I did a sudoku puzzle for the first time in a long time this weekend, and it got me thinking about a few questions around the number of possible puzzles, etc.
The rules of Sudoku are pretty simple. For a 9 x 9 grid, fill it in so each row includes the digits 1 – 9 and each column includes the digits 1 – 9. Additionally, the grid is broken up into nine 3 x 3 sub-grids. Each character can only appear once in each grid.
Lazy Sudoku
Lazy Sudoku is a super fun game I invented. You start with Sudoku, except rows don’t need to be unique.

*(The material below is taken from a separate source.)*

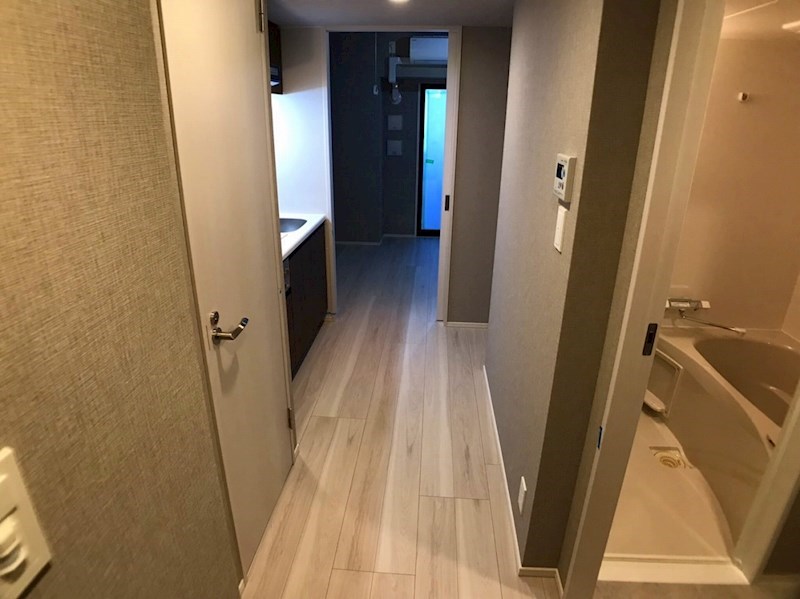 ラグゼナ北千住  その他9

Nor columns… Nor sub-grids.
How many variations are possible if the only rules are to fill in the N x N grid with the digits 0 – N?

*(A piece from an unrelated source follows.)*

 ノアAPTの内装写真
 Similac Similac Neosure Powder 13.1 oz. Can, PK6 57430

This one’s pretty easy, it’s just an N^2 digit number. For a 1 x 1 grid, you can put 1. For a 2 x 2 grid, you can put 1111, 1112, 1113, …4443, 4444. For a standard 9 x 9 grid, you can fill it from 1{81 times} – 9{81 times}. Generally, to figure out how many values can be represented by a number in a positional number system (what we use, not Roman Numerals), you take the number of possible characters and raise it to the number of spaces you can fill in. So for a three digit, base-10 number, it’s 10 ^ 3 or 1000.
So for our N ^ 2 digit number, with N possible characters, it’s N ^ (N ^ 2). That would mean our Lazy Sudoku puzzle has 9 ^ 9 ^ 2 possibilities, also known as 196627050475552913618075908526912116283103450944214766927315415537966391196809
How can you build a Lazy Sudoku puzzle?
I mean.. you can just do [random() for i in range(N)]. If you want to get a tiny bit fancier (but more verbose and generally worse), you could do:
def createLazySudoku(puzzleSize=81, charSet=range(1, 10)):
char = random.choice(charSet)
if puzzleSize == 1:
return f'{char}'
return f'{char}{createLazySudoku(puzzleSize - 1, charSet)}'
Bleg